How-To Improve Large String Performance Using Buffers

From Pickwiki
Jump to navigationJump to search

Users >> Rex_Gozar >> How-To Improve Large String Performance Using Buffers

How-To Improve Large String Performance Using Buffers

2007-11-16 by Rex Gozar


Brief

Processes that create or manipulate large amounts of data (over 1MB) may be slow, impacting user response time and system performance. This performance degradation can be traced to Universe needing to reallocate and copy memory repeatedly as the amount of data grows. If you can allocate all the memory that you'll need up front, you can eliminate this bottleneck. This document discusses a coding strategy for doing this.

Summary

In processing a 12MB text file, execution time went from 83 seconds to 4 seconds by simply replacing VAR<-1> "append field" syntax with VAR[PTR,LENGTH] "substring assignment" syntax.
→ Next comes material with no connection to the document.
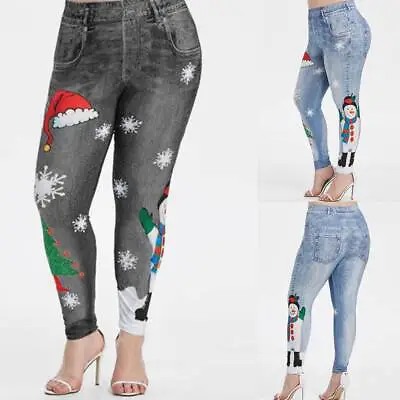 £3.99 • Buy Plus Size Women Christmas Leggings Skinny Stretchy Xmas Trousers Pants Jeggings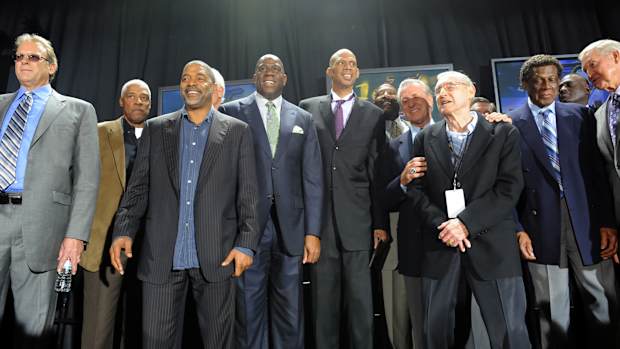 Kurt Rambis Julius Irving Norm Nixon Magic Johnson Kareem Abdul-Jabbar James Worthy Pat Riley Bill Sharman, Elgin Baylor Jerry West Kareem Abdul-Jabbar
Your mileage may vary.


*** Using VAR<-1> "append field" syntax ***
ITEM = ""
LOOP
   VALUE = some large amount of data
   ITEM<-1> = VALUE
WHILE (SOME.CONDITION) REPEAT


*** Preallocating memory and using VAR[PTR,LENGTH] "substring assignment" syntax ***
MAXBYTES = some calculated value
BUFFER = SPACE(MAXBYTES)            ;* allocates memory in one shot
BUFPTR = 0                          ;* always points to last byte in buffer
LOOP
   VALUE = some large amount of data
   BUFFER[(1 + BUFPTR), (1 + LEN(VALUE))] = @FM:VALUE
   BUFPTR += (1 + LEN(VALUE))
WHILE (SOME.CONDITION) REPEAT
BUFFER = BUFFER[2, (BUFPTR - 1)]    ;* strip first @FM


Discussion

In my business application, I work with vendor-supplied text files that contain fixed-width fields. These files can be several megabytes in size. I created a subroutine to convert the fixed-widths fields for each row to tab separated values.

Initially, I used "append field" syntax (i.e. VAR<-1> = VALUE) to build the resulting TSV file. Running it took over 83 seconds -- ouch! I put in display statements to see what was going on, and I noticed that as more rows were processed, the slower and slower it got.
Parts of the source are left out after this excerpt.